Brown places Matisse in the context of writers and critics (he himself wrote about art quite a bit, consistently produced art books, and leveraged the ways in which text could sell images and vice versa). She also juxtaposes Matisse to the big canonical names from the art history of France: Cézanne, who fascinated the young Matisse; Picasso, who became twinned with Matisse in a friendly sort of rivalry as the two became the biggest brand names in modernist art; Renoir, who intrigued the younger artist because of "the sensual qualities of his female nudes" (101).

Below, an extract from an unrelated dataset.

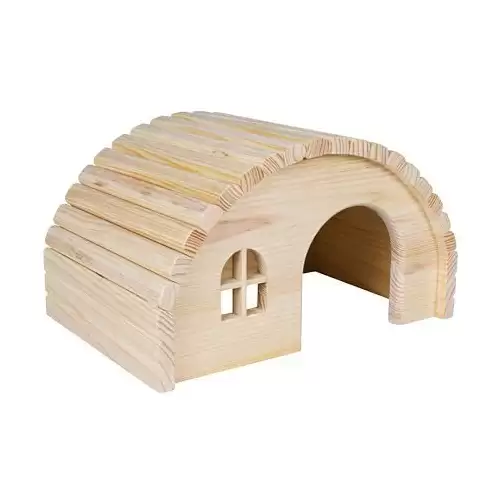 Dřevěné iglú pro hlodavce 29 x 17 x 20 cm, např. morče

Matisse ventured briefly into Cubism, but rarely dissolved representation into juxtaposed shapes in the way Picasso made his trademark. He continually returned to the subjects of still lifes and especially to the human form, though radically simplifying and stylizing his images. I would be interested in knowing more about the mutual influences among Matisse and his German and Nordic contemporaries: Edvard Munch, Erich Heckel, Ernst Ludwig Kirchner, Gabriele Munter, Alexei Jawlensky, Helene Schjerfbeck. Brown presents Matisse as scandalizing the French art world by reducing reality to coarse, sometimes childish outlines; Matisse is one of those artists of whom viewers early on thought "My kid could have done that!" But similar portraiture was being done in central and northern Europe. Matisse was scarcely alone – but circumstances might have made contemporaries somewhat isolated from influencing one another. And the art world of Paris tended to think that the whole world needed to look in its direction. Matisse became central to that Paris scene and helped in great part to define modern art for a century and more of admirers.

Brown, Kathryn. Henri Matisse. London: Reaktion, 2021.